#Prosa

Nachts um eins am Telefon

Michael Köhlmeier

// Rezension von Georg Renöckl

Das Leben und der Traum. Darum geht es in den Erzählbänden Michael Köhlmeiers, glaubt man den Klappentexten. Wurde beim „Roman von Montag bis Freitag“ (2004) noch angekündigt, die darin enthaltenen Geschichten erzählten „unser Leben“, so sind in Köhlmeiers aktuellem Buch Nachts um eins am Telefon laut Cover nun „unsere Träume“ dran. In beiden Fällen ist es ratsam, sich von solchen Ankündigungen nicht abschrecken zu lassen, und das ist bei weitem nicht die einzige Gemeinsamkeit der beiden schmalen Bände.
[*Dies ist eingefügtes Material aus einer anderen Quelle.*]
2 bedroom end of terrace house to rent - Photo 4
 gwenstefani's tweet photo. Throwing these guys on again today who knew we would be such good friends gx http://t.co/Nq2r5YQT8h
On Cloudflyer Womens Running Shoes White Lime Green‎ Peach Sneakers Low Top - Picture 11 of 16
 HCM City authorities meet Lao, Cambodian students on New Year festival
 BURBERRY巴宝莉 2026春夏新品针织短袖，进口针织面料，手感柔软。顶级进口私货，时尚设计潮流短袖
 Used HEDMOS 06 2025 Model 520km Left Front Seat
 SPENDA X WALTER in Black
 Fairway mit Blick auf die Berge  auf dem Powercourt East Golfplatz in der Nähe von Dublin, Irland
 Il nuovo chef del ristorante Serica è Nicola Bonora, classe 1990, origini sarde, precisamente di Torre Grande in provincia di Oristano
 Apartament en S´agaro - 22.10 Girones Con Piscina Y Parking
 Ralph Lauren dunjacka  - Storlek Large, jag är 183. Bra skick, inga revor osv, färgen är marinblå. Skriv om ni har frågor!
Nachts um eins am Telefon, das ist der Rahmen für die meisten der dreiundzwanzig neuen, kurzen Erzählungen von Michael Köhlmeier. Ein einsamer Erzähler mit Schlafstörungen telefoniert des Nachts mit alten Freunden, manchmal auch mit Unbekannten, erzählt Geschichten und wird gelegentlich zum Zuhörer.
Erstaunlich ist dabei die Intimität, die das Telefon dem Erzähler im Umgang mit seinen Gesprächspartnern ermöglicht – eine Intimität, die ihm in seinem Alltag offenbar abgeht. Er will oder kann nämlich mit anderen Menschen weder am gleichen Tisch essen noch im gleichen Bett schlafen, führt Selbstgespräche in seiner leeren Wohnung und streift allein durch Straßen und Supermärkte. Telefonierend gelingt es ihm des Nachts, die Einsamkeit und die deprimierende Gegenwart hinter sich zu lassen. Im Gespräch mit alten Freunden und alten Lieben, die zwar nicht rosten, aus denen aber auch nichts mehr werden kann, versetzt sich der einsame Geschichtenerzähler immer wieder in eine goldene Vergangenheit zurück, möglichst nahe an der Zeit, in der er dreizehn war und mit sich selbst im Reinen. Erzählt wird dann vom Glück und von Unglücksmaschinen, einander anschweigenden Ehepartnern, abgebrochenen Daumen, allgemein gültigen Arschlochdefinitionen oder Kindern, die Schmuck von Gräbern stehlen.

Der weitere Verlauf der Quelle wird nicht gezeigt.